*DATA*:
%%
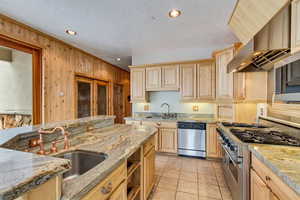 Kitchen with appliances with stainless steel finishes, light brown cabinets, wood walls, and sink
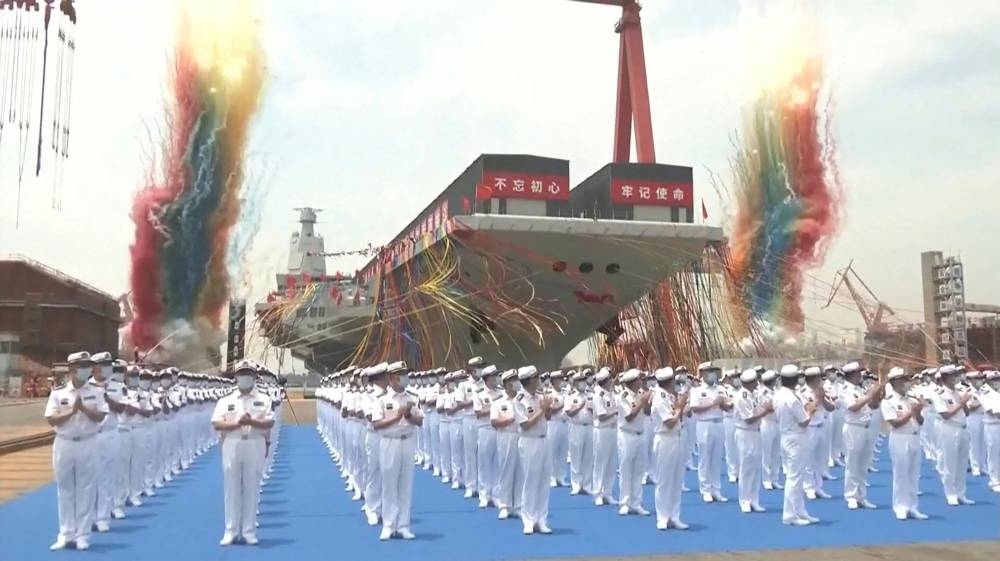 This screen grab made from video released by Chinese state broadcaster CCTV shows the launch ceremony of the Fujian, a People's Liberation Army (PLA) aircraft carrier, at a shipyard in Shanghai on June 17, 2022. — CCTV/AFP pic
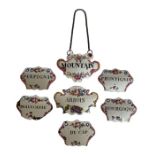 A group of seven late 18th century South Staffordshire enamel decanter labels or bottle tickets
%%
Copy all of the material word for word, and include none of its pictures.

*OUTPUT FOR THIS TASK*:
 Kitchen with appliances with stainless steel finishes, light brown cabinets, wood walls, and sink
 This screen grab made from video released by Chinese state broadcaster CCTV shows the launch ceremony of the Fujian, a People's Liberation Army (PLA) aircraft carrier, at a shipyard in Shanghai on June 17, 2022. — CCTV/AFP pic
 A group of seven late 18th century South Staffordshire enamel decanter labels or bottle tickets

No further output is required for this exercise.